Eleven days after contact was lost with Malaysia Airlines flight 370 and its 239 passengers and crew, there has been minimal progress in determining precisely what happened or where the plane ended up.
Lending fresh weight to the belief that the plane was deliberately diverted, the New York Times reported that the first turn it made off its flight path was programmed into the Boeing 777’s computer navigation system, probably by someone in the cockpit.
Rather than manually operating the plane’s controls, whoever altered flight 370’s path typed seven or eight keystrokes into a computer situated between the captain and the co-pilot, the newspaper said, quoting US officials.
Two-thirds of those on board were Chinese, and Malaysia had asked authorities in Beijing to run an exhaustive background check on all their nationals as part of a probe into everyone aboard.
Chinese Ambassador to Malaysia Huang Huikang (黃惠康) yesterday said no evidence had been found that would link anyone to a possible hijacking or terrorist attack on the jet.

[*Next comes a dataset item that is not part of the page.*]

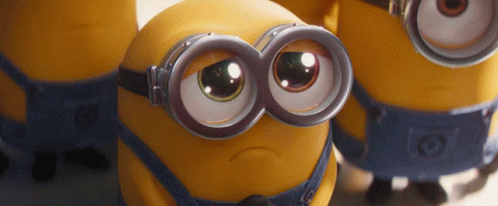 A Group Of Minions Wearing Goggles Are Looking At The Camera GIF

Chinese media has been critical of Malaysia’s handling of the investigation, saying valuable time and resources were wasted in the hours and days immediately after the aircraft disappeared on March 8.
Meanwhile, Thailand’s military said its radar detected a plane that may have been Malaysia Airlines flight 370 just minutes after the missing jetliner’s communications went down, adding that it did not share the information earlier because it was not specifically asked for it.
Thai air force spokesman Montol Suchookorn yesterday said the plane followed a twisting flight path to the Strait of Malacca, which is where Malaysian radar tracked flight 370 early on March 8.
However, Montol said the Thai military was not sure whether it detected the same plane.